This is so true and so valuable. One of our companies makes a hunting product. When we were first debuting the product, I spent a lot of time on hunting forums. I got so much free market research from those forums just from asking simple questions. I could test marketing strategies, try out new slogans and hear what people thought of marketing and marketers without exposing our company to any negative attention. It was fabulous.

10-14-2008, 11:12 PM
It's perhaps the best and least utilized reason for paying attention to social media. People want to see social media as a quick source of traffic, but it's much more. You hear all the time people not knowing how they can determine what their customers want. All you have to do is listen. Customers are telling you every day what they want.

10-15-2008, 05:08 PM
It's perhaps the best and least utilized reason for paying attention to social media. People want to see social media as a quick source of traffic, but it's much more. You hear all the time people not knowing how they can determine what their customers want. All you have to do is listen. Customers are telling you every day what they want.

They really are and, if you spend the time to become part of the community, they'll answer your questions in detail. I think people who view social media as simply a way to talk are making a mistake. At least half the value of social media is being able to listen, at least when it comes to forums. You can learn so much just from reading responses.

Granted, sometimes the feedback you get is just a small cross section of your target market, but it is still feedback from potential customers and, as such, is invaluable.

10-16-2008, 02:54 AM
I think people who view social media as simply a way to talk are making a mistake.

Agreed. A conversation is a two way flow of information. In order to be part of a conversation you need to be able to listen as well as talk.

10-25-2008, 09:30 AM
i sure agree and thats why im trying to find out where my target customers hang out on the web....like a small business forum for brick and mortar businesses...anybody know one?

im like a sponge and love all info...even when i dont exactly get it...it really bugs me that i dont really know much about twitter and digg and stumble facebook,etc etc ...but dang...im way busy..and can hardly keep up with the stuff i already have going.....
and i would love to hear a social media conversation within the brick and mortar community.....not sure what would be the most effective thing to add to a going brick and mortar business.......
we have website and email and blog and a few forums..

10-25-2008, 10:29 AM
It is pretty easy to get lost in the choices, Ann. Before you know it you can have several profiles going and not really be doing much with any of them. If you're looking to talk to customers, one of your best bets is a forum. Find a decorating forum and see who's there. I bet you could get lots of good ideas.

10-25-2008, 10:52 AM
thats what i figure too...and why its pretty hard for me to commit to a new venture, my last one was the blog....the next maybe a new webiste.......but every step we have taken into cyberspace has brought us good things for our store..so itsnaturally interesting to me......

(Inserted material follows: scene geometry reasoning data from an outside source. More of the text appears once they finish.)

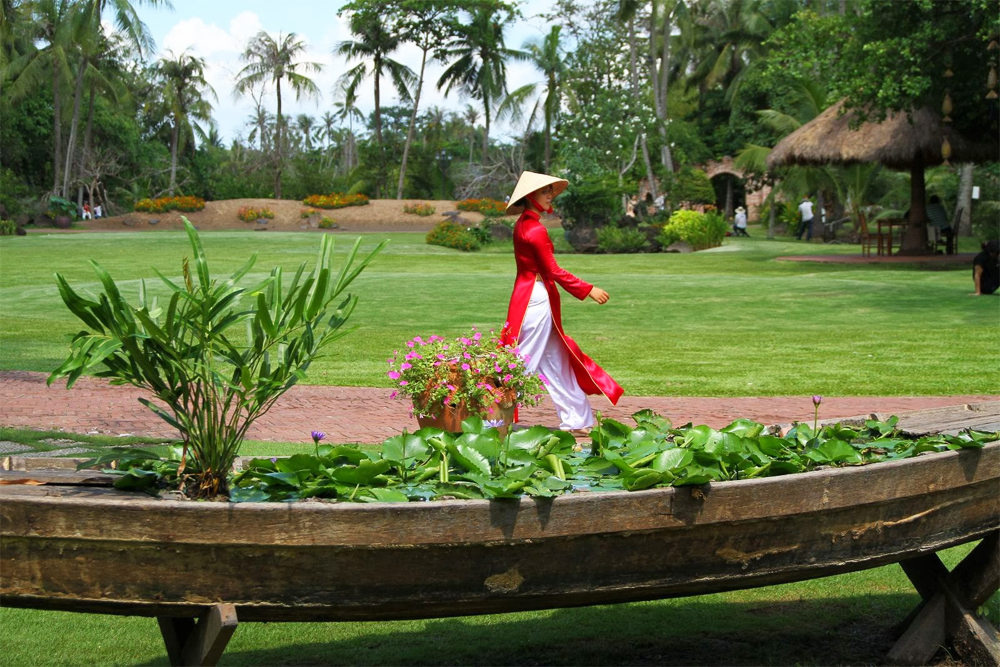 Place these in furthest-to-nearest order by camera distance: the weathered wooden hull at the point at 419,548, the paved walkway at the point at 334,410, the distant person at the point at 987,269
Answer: the distant person at the point at 987,269 < the paved walkway at the point at 334,410 < the weathered wooden hull at the point at 419,548

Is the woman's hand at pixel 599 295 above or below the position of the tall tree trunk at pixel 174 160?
below

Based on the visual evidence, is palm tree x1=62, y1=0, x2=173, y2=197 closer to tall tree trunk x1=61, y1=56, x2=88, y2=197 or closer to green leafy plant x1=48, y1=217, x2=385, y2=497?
tall tree trunk x1=61, y1=56, x2=88, y2=197

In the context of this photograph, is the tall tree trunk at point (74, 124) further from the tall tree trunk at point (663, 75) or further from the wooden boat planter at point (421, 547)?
the wooden boat planter at point (421, 547)

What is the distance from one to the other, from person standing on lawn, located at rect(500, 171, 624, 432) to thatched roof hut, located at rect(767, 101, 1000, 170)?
58.7 ft

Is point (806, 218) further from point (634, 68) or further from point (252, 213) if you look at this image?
point (252, 213)

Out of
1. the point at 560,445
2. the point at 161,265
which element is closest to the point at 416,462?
the point at 560,445

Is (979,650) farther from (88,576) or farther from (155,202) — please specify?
(155,202)

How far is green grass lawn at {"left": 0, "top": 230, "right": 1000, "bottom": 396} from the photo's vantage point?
10.9 meters

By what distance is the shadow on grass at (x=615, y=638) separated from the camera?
3.92 meters

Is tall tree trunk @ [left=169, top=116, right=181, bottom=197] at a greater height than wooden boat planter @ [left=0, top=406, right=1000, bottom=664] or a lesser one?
greater

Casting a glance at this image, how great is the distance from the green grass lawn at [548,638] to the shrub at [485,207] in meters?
35.0

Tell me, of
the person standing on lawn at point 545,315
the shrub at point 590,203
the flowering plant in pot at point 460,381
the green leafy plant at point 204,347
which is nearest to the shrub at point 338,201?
the shrub at point 590,203

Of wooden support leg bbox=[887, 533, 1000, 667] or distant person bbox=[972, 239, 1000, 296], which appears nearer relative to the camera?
wooden support leg bbox=[887, 533, 1000, 667]

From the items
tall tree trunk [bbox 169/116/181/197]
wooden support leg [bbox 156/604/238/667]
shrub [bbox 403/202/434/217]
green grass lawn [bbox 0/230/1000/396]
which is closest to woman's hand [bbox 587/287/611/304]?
green grass lawn [bbox 0/230/1000/396] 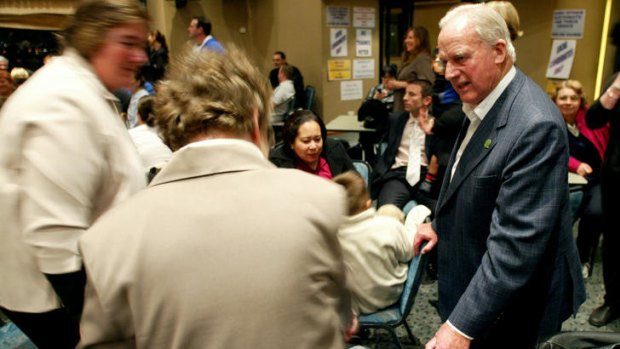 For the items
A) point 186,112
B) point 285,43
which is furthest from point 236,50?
point 285,43

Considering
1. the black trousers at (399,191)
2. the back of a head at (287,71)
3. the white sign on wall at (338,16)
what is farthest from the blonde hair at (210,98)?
the white sign on wall at (338,16)

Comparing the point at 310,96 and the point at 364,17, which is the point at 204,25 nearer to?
the point at 310,96

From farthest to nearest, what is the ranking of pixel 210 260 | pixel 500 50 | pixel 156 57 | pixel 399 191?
pixel 156 57 < pixel 399 191 < pixel 500 50 < pixel 210 260

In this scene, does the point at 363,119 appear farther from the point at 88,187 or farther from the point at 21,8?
the point at 21,8

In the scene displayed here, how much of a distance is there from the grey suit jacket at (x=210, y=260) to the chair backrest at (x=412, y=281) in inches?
50.0

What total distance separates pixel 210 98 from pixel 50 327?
0.92m

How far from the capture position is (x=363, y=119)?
4895 mm

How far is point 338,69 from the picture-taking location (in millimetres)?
8203

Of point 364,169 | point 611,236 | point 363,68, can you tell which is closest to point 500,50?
point 611,236

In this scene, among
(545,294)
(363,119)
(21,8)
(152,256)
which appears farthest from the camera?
(21,8)

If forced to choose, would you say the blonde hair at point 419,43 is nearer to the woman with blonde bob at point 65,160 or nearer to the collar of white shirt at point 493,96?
the collar of white shirt at point 493,96

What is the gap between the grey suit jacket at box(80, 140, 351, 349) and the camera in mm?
696

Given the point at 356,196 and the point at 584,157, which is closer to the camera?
the point at 356,196

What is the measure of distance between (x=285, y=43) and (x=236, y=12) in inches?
47.9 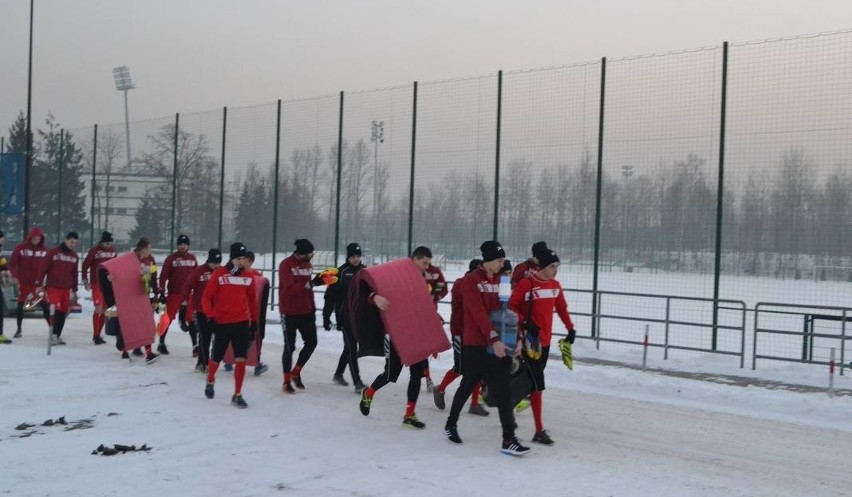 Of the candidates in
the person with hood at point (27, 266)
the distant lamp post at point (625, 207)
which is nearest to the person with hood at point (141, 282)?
the person with hood at point (27, 266)

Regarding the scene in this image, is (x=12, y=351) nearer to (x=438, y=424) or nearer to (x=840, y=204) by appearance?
(x=438, y=424)

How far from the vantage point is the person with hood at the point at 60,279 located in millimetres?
15672

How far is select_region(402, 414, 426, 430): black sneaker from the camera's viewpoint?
927 cm

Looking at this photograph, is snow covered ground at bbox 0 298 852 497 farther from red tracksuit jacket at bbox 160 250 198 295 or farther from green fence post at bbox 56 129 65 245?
green fence post at bbox 56 129 65 245

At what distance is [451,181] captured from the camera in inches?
735

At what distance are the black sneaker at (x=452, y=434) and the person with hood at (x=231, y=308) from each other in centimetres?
282

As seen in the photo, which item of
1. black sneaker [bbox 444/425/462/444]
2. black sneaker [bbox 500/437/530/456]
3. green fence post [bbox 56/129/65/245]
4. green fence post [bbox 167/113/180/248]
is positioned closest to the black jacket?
black sneaker [bbox 444/425/462/444]

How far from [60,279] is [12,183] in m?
15.1

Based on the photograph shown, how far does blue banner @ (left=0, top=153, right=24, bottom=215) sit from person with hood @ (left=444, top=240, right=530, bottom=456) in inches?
961

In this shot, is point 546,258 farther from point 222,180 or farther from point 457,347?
point 222,180

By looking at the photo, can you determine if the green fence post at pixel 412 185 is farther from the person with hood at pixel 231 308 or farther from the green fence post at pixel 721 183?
the person with hood at pixel 231 308

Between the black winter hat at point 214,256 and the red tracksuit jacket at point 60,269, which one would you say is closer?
the black winter hat at point 214,256

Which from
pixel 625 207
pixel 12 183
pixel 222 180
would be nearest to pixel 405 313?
pixel 625 207

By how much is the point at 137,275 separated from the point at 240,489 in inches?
326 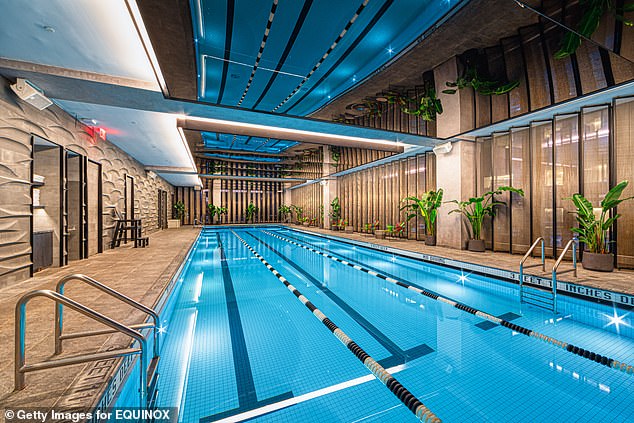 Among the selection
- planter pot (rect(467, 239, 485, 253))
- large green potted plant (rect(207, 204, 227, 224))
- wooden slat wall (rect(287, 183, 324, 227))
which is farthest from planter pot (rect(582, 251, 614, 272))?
large green potted plant (rect(207, 204, 227, 224))

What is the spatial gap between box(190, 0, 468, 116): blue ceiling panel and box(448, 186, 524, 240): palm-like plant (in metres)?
A: 4.13

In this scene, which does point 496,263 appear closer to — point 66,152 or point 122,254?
point 122,254

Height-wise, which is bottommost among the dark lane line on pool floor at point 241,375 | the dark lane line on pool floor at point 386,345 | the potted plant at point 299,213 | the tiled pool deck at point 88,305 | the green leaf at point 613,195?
the dark lane line on pool floor at point 386,345

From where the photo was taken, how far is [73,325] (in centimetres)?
254

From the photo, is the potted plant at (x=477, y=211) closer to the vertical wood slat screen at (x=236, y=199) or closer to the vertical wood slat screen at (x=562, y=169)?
the vertical wood slat screen at (x=562, y=169)

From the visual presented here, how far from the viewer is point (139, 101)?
4473 millimetres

decorating forums are mostly stay at home moms, not anyone in business.....i know lots of places for decorating talk , and i check in sometimes, im not really looking for decorating ideas....have great sources and ideas already..
.,..im looking for a store forum , where owners who might need my products would be or where owners might be discussing the issues my store is facing...,, if you ever hear of one i would love to take a peek......

10-26-2008, 06:15 PM
Ann why not ask on your blog what social media sites people use (if they use them). You could write a post saying how you think many of your readers have similar interests and might like to connect with each other. Then ask them to post a link to their social media profiles or just mention their usernames.

Another way to connect is to start using a site like Facebook, or Twitter, or whichever, write a post about your initial experiences and post a link to your profile asking people to follow you. Then ask your readers to post their's too.

Also try searching for sites. Use your keywords "antiques, etc" and add words like social, media, and profile. You might find a few sites that way.

10-26-2008, 08:07 PM
ive asked that of a lot of cyber friends.....
will try your combos..thanks...
.im probably going to join giftbeat....its costs about 120$ to join i think....im on giftshop forum too...and a nice country store site....my favorite online community , the one closest to my store, and super helpful for a long time is all different now....
i think of facebook as for kids...and dont even know how it relates to business., or what a profile is....my blogger profile? ....im dabbeling on craigslist right now and sold a 400$ bookcase from it today....they came here...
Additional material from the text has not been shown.